RSEBaseConnectionTestCase features in detail

The Connection Manager

The RSE connection manager is providing and encapsulating all functionality related to finding, creating, removing or manipulating RSE connections and sub systems.

Related methods:

   * getConnectionManager()
   * IRSEConnectionManager.loadConnectionProperties(IPath, boolean)
   * IRSEConnectionManager.loadConnectionProperties(Properties, boolean)
   * IRSEConnectionManager.removeConnection(String, String)
   * IRSEConnectionManager.findOrCreateConnection(IRSEConnectionProperties)
   * IRSEConnectionManager.getFileSubSystem(IHost, String)
   * IRSEConnectionManager.getShellSubSystem(IHost)
   * IRSEConnectionManager.getTestSubSystem(IHost)
   * IRSEConnectionProperties.getProperty(String)
   * IRSEConnectionProperties.setProperty(String, String)

   See the corresponding javadoc for details on these method.

Related interfaces:

  * IRSEConnectionManager - RSE connection manager plugin API.
  * IRSEConnectionProperties - Defines static constants for accessing the single connection properties and related public API.

RSE Connection Properties:

    • The connection name.
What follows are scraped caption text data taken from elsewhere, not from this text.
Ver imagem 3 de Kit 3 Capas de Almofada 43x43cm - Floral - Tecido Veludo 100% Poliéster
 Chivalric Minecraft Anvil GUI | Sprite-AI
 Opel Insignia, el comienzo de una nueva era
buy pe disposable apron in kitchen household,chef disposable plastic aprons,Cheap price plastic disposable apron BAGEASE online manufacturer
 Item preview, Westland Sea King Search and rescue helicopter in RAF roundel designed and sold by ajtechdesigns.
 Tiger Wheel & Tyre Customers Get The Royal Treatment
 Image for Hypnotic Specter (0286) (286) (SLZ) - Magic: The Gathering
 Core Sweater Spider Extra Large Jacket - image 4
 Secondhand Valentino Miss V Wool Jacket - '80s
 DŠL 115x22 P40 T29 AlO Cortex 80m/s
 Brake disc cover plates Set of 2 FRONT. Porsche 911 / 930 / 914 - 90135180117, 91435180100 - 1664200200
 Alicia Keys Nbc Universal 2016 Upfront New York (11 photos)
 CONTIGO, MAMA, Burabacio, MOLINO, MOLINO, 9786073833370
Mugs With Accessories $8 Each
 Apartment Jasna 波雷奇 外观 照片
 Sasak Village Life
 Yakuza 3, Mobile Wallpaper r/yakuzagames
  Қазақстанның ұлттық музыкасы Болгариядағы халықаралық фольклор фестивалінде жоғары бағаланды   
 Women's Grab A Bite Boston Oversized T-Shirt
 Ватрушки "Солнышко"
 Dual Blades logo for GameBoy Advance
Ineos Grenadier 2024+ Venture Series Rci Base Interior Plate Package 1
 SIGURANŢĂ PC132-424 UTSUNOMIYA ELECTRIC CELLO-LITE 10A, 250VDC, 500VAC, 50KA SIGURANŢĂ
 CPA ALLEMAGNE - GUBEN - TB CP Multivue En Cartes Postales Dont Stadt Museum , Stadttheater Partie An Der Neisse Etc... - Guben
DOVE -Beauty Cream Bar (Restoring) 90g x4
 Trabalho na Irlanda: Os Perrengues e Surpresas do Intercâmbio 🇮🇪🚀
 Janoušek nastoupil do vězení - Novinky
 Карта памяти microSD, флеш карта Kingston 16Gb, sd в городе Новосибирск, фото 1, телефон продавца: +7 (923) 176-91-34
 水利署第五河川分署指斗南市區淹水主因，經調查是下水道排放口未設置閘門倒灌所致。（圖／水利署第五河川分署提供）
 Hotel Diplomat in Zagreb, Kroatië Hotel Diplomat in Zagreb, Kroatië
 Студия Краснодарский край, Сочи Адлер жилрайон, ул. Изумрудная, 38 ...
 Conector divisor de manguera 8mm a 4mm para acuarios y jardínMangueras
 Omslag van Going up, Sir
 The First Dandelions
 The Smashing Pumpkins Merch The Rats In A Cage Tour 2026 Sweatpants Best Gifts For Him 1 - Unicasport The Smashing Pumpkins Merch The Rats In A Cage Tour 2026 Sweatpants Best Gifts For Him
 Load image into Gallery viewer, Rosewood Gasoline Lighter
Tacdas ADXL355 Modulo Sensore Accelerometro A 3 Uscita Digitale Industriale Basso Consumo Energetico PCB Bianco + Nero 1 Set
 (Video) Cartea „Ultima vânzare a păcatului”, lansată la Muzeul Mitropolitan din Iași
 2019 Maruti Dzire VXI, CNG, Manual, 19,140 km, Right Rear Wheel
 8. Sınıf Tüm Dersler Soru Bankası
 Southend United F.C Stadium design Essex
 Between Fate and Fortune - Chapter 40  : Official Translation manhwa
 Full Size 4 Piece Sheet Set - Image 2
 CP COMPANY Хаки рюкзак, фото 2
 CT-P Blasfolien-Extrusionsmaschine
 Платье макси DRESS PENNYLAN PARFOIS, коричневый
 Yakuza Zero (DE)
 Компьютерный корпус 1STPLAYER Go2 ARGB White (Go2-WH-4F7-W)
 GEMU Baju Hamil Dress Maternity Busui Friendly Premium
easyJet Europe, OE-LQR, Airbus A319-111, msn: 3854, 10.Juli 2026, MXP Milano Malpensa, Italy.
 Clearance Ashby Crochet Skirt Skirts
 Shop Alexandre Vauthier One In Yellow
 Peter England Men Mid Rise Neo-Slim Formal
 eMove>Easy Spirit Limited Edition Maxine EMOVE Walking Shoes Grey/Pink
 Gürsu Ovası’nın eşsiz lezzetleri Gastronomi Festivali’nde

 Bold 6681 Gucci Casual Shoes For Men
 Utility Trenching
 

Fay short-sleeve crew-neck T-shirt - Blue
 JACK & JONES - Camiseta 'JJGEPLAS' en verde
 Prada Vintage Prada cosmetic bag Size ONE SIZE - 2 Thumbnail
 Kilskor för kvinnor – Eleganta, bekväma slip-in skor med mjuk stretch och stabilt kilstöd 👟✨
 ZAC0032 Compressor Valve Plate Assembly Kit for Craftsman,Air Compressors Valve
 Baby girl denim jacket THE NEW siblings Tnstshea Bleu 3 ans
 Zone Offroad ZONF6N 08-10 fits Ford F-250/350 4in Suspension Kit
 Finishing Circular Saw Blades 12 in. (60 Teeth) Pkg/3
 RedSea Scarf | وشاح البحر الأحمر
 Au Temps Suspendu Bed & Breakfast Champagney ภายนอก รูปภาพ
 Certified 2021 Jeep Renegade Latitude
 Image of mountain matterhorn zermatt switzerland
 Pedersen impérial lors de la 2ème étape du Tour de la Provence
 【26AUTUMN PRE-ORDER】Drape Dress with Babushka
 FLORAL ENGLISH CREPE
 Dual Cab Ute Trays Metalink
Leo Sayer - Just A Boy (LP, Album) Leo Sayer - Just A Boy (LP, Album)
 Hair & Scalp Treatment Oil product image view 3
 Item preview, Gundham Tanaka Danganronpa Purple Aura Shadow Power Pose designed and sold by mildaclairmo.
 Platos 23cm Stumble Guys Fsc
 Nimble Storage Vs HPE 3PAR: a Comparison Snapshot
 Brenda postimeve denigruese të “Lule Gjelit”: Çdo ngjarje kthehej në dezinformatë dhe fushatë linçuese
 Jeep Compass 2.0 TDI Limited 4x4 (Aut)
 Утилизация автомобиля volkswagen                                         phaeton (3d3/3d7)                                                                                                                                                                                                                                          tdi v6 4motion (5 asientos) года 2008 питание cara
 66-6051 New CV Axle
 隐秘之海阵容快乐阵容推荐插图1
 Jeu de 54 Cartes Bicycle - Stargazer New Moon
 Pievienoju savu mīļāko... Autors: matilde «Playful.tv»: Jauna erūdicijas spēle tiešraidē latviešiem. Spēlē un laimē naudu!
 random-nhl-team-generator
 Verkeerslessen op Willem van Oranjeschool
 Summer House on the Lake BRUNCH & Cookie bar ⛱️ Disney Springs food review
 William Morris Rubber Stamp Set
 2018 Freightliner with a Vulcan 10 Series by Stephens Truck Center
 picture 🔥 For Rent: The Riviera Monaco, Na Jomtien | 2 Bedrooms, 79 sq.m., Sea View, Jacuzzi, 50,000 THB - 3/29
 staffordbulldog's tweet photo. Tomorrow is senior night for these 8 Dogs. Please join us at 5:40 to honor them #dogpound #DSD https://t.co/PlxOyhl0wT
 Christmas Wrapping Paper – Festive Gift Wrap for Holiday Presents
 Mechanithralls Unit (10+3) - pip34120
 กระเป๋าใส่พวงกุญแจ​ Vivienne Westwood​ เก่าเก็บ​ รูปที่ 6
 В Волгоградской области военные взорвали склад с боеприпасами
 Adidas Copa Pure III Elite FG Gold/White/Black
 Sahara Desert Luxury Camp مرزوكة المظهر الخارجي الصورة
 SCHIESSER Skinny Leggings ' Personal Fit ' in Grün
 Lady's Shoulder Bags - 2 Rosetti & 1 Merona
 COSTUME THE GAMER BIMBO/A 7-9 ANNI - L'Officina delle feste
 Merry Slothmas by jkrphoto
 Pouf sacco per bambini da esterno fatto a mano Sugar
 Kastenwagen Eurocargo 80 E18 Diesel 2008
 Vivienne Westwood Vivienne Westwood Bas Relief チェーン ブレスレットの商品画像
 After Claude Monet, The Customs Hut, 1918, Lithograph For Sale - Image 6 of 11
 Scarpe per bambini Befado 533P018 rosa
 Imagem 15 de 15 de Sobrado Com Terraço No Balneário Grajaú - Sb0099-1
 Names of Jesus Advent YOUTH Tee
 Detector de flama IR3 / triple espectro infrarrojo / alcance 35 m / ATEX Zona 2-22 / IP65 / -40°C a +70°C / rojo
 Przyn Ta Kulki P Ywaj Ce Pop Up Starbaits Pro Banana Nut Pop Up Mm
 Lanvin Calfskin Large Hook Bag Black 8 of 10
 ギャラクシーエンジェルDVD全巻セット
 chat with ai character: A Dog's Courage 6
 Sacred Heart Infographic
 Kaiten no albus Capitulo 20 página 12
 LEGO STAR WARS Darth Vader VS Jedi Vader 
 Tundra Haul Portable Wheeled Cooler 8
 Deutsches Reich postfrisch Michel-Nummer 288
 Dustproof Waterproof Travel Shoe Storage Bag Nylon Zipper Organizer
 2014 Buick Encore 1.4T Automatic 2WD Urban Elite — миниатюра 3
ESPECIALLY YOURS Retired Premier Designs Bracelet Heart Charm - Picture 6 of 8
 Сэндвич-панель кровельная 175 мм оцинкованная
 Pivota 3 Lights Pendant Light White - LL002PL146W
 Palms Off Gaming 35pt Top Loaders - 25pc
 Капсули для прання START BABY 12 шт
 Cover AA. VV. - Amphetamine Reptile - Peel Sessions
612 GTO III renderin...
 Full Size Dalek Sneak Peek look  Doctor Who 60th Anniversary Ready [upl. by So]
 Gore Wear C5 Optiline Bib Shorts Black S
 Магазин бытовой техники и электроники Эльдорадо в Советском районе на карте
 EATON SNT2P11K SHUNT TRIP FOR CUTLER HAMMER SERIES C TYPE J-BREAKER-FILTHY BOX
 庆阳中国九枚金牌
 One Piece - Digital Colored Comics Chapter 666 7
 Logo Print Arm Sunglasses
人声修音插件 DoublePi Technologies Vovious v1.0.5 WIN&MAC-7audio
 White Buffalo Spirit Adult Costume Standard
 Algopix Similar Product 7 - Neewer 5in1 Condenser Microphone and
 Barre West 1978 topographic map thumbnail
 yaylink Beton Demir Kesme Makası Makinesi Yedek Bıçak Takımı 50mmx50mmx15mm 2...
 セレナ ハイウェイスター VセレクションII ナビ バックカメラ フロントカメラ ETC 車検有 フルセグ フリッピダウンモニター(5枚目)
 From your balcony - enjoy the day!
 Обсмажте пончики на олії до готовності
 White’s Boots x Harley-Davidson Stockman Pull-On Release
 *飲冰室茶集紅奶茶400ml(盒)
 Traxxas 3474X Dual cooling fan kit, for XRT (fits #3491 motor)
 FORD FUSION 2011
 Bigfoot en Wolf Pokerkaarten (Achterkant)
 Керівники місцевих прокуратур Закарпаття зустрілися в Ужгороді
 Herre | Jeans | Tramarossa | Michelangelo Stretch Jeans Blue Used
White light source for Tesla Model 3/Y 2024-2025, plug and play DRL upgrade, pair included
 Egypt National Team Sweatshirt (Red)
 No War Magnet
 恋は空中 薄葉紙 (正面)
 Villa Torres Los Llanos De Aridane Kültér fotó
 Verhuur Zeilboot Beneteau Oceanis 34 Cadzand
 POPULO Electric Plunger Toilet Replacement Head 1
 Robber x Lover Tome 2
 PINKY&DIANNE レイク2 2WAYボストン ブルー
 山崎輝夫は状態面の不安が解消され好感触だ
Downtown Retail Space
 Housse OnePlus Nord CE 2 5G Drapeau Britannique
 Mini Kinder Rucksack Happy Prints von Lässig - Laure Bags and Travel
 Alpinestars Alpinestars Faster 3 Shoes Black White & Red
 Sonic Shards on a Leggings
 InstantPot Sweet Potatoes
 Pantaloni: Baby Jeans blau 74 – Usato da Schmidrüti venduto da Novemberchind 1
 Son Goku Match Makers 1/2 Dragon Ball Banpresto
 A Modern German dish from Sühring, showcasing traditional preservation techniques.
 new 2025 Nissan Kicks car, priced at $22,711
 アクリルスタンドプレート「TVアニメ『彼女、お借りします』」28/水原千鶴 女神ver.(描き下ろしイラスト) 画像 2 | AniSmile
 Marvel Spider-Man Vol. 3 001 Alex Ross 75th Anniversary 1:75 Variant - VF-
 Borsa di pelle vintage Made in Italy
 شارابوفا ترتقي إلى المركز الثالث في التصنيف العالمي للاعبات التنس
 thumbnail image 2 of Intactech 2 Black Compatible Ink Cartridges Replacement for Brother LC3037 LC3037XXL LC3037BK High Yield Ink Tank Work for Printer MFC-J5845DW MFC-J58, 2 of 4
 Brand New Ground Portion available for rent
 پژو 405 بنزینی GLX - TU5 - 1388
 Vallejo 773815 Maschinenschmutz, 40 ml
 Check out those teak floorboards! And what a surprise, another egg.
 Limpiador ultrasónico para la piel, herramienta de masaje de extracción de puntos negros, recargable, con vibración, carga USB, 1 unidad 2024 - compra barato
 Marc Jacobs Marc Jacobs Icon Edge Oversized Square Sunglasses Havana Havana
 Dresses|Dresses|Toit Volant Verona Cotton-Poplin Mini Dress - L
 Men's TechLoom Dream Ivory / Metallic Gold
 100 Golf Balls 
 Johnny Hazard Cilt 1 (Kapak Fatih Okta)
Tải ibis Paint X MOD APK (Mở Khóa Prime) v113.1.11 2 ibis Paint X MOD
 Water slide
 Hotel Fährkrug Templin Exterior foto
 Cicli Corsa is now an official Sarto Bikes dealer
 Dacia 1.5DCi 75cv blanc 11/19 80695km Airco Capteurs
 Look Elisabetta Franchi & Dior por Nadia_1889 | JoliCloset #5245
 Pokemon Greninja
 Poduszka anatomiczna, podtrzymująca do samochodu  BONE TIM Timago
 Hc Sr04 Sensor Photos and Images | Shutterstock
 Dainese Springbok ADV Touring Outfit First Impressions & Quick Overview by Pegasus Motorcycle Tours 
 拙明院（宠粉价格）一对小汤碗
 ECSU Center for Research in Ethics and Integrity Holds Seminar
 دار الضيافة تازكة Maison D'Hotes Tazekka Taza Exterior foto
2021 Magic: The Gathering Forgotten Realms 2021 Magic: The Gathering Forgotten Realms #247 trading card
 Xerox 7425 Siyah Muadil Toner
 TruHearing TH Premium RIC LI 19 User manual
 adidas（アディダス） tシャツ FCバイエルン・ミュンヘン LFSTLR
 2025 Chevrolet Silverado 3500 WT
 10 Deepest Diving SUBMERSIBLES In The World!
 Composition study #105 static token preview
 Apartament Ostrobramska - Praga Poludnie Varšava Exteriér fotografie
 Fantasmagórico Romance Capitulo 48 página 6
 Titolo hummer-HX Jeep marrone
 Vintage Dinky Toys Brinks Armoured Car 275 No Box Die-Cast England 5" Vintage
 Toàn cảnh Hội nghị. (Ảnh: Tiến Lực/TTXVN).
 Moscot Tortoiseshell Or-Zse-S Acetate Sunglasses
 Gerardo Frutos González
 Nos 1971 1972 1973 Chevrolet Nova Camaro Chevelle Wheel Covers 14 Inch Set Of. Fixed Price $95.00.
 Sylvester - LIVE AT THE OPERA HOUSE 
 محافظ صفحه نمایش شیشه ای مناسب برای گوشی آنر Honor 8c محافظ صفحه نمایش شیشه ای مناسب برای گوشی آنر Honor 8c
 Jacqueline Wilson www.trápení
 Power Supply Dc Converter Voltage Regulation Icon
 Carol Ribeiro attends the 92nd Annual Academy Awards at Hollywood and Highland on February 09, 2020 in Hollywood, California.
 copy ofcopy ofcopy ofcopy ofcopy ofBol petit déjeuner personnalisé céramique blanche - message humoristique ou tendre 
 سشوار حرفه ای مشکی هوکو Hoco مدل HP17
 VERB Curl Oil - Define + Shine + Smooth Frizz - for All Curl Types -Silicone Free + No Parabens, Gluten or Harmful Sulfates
Required.
    • The profile name to store the connection to. Optional.
    • The system type of the connection. Required.
    • The remote system IP address or DNS name. Required
    • The user id to use for connecting to the remote system. Optional.
    • The password to use for connecting to the remote system. Optional.

If a connection property is not specified, default values are assumed. The default values are loaded from org.eclipse.rse.tests/test.data/connectionDefault.properties. The load of the default connection properties can be suppressed if necessary.

The Default Local System Connection

The RSE JUnit test framework provides convenience access to the default available and always connected "Local" connection (system type == "Local"). You should prefer to use this connection for any test requiring a valid connection but does not test any remote system specific functionality.

Related methods:

   * getLocalSystemConnection()

   See the corresponding javadoc for details on these method.